ROANOKE TIMES

                         Roanoke Times
                 Copyright (c) 1995, Landmark Communications, Inc.

DATE: SUNDAY, October 15, 1995                   TAG: 9510160112
SECTION: SPORTS                    PAGE: B1   EDITION: METRO 
SOURCE: JACK BOGACZYK
DATELINE: CHARLOTTESVILLE                                 LENGTH: Medium


BARBER MAKES A SPLASH IN RAIN

The scoreboard offered a different opinion, but the real turning point in Saturday's ACC football game at Scott Stadium came late in the first half.

That's when it started raining.

Maybe it's because Virginia's head coach is an old Navy man, but the Cavaliers seem to play better when the conditions turn downright amphibious.

In rallying for a 44-30 triumph over stubborn Duke, it took UVa a half to find its sea legs. And when it did, the Blue Devils couldn't find them or tackle them.

On an afternoon when most everyone was concerned about what was coming from the sky, Tiki Barber brought a needed webfooted quality to Virginia's attack. Duke had an easier time grasping at raindrops.

``Playing in the rain doesn't bother me,'' Barber said on the best day of his career. ``Actually, I've faced that a lot of times. The rain can be a factor. You can make it a factor.''

George Welsh, UVa's coach, agrees the Cavaliers seem to sail easier in the rain, and he said Barber is one of those backs who is just ducky in those conditions.

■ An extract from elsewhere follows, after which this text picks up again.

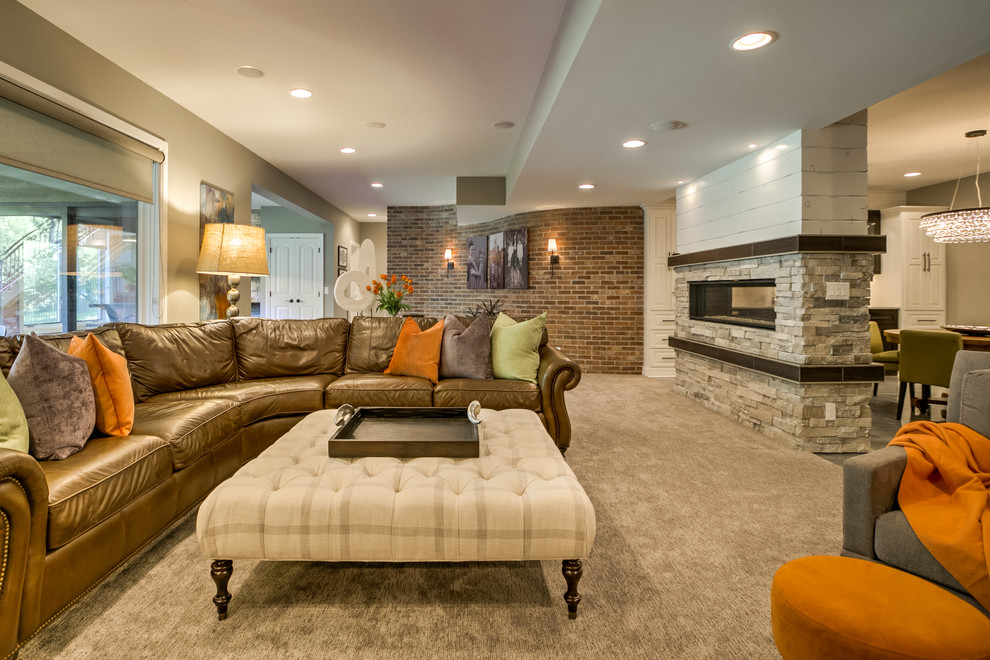 Inspiration for a traditional basement in Omaha.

``Unless he slips,'' said Welsh, drier than the weather.

The only things Barber slipped against the Blue Devils were tackles. He scored two touchdowns, ran 30 times for 185 yards and caught three passes on quarterback Mike Groh's record-setting day.

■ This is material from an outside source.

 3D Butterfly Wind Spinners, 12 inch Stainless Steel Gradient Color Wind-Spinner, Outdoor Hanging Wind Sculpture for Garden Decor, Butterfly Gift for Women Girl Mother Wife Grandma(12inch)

Sure, he fumbled a punt that contributed to Duke's 11-point halftime lead, but Barber had 255 all-purpose yards, the most since 1968 in the UVa record book. In history, only the storied Bill Dudley, Frank Quayle and John Papit have had better total yardage days.

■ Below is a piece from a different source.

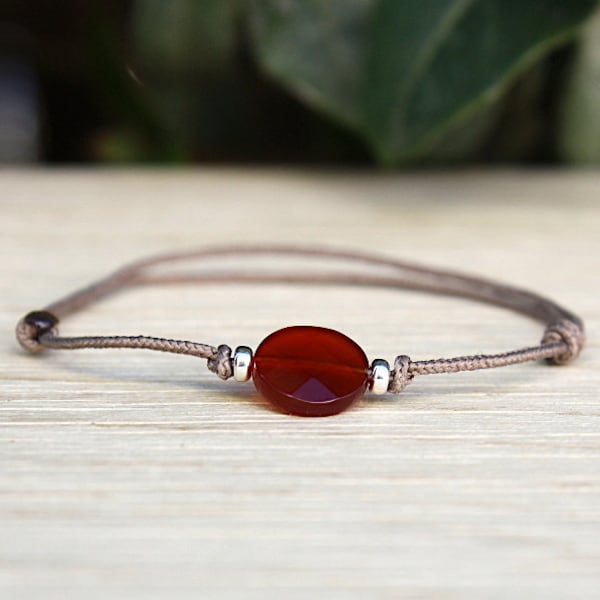 bracelet cordon agate rouge ronde et rondellles argent 925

It's been a decade since any UVa back rushed as many times. Barry Word had 33 carries for 170 yards in a 1985 victory over North Carolina. In the past two decades, there have been only six better ground games than this one by Barber, and three of those were by Terry Kirby.

``He got a lot on his own ... a lot,'' Welsh said of the junior tailback, who leads the ACC this season with 12 touchdowns. ``Tiki broke tackles, he cut back, he stumbled, he kept his balance. There were some great performances there.

``That [third-quarter, 11-yard touchdown] pass in the flat he caught, I still don't know how he scored. Duke had four guys there. That's what a good back can do. He can make the linemen look better.''

Welsh figured Barber, diminutive in height only, might have such a day, although not the way it developed. Duke (2-5 overall, 0-4 ACC) visited giving up 296 yards rushing per game.

On the Cavaliers' early possessions, it appeared Barber's mother, Geraldine, was calling the plays. He kept getting the ball.

``And Duke was doing a good job stopping us,'' Barber said.

In the first half, UVa's offense look like it belonged in some of those hefty bags many in the crowd had altered into rain gear. Then, the Cavaliers began flowing.

Barber had 117 of his ground yards on 14 second-half carries. His 907 yards in UVa's 6-2 start already ranks 11th on the school's single-season rushing list. At Barber's current 113.4-yard pace with four games left, he projects to a 1,360-yard season.

In the ACC's 43-year history, only former North Carolina greats Don McCauley and Mike Voight have run for more.

``That's Virginia football, running the ball,'' Barber said. ``That's the way our offense works.''

Barber's advantage against the Blue Devils is that not only didn't they know where he was going, he didn't, either. Changing direction is his strength. Going forward, amazingly, isn't.

``Tiki is good in the rain,'' said Tom O'Brien, UVa's offensive coordinator. ``He gets in there among the blockers and hides and the other team can't find him.

``Sometimes he's just going too fast and we try to get him to slow down. He wants to take it sometimes and run it 9,000 miles per hour, right up the back of the fullback.''

Maybe the weather slowed Barber just enough. Duke certainly couldn't.